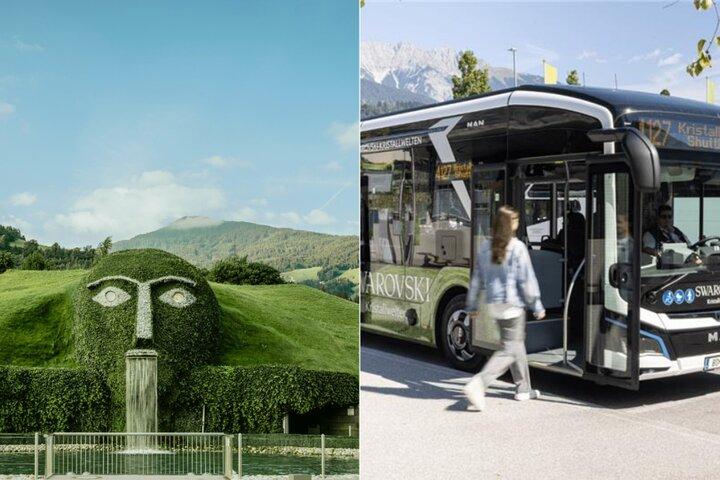 Entreeticket Swarovski Kristallwelten inclusief vervoer per shuttlebus vanaf Innsbruck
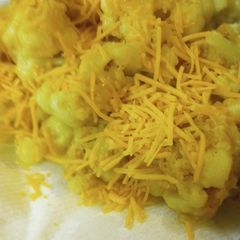 A picture of Lightly Battered Cauliflower and Cheese.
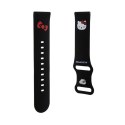 Hello Kitty Silicone Kitty Head - Universal strap for smartwatch 22 mm (black)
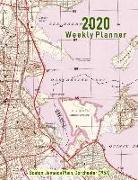 2020 Weekly Planner: Boston: Jamaica Plain, Dorchester (1954): Vintage Topo Map Cover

########################################

AIM OF THE EXERCISE
Your copy should hold each line above exactly and no pictures at all.

TASK OUTPUT
 Entreeticket Swarovski Kristallwelten inclusief vervoer per shuttlebus vanaf Innsbruck
 A picture of Lightly Battered Cauliflower and Cheese.
 Hello Kitty Silicone Kitty Head - Universal strap for smartwatch 22 mm (black)
 2020 Weekly Planner: Boston: Jamaica Plain, Dorchester (1954): Vintage Topo Map Cover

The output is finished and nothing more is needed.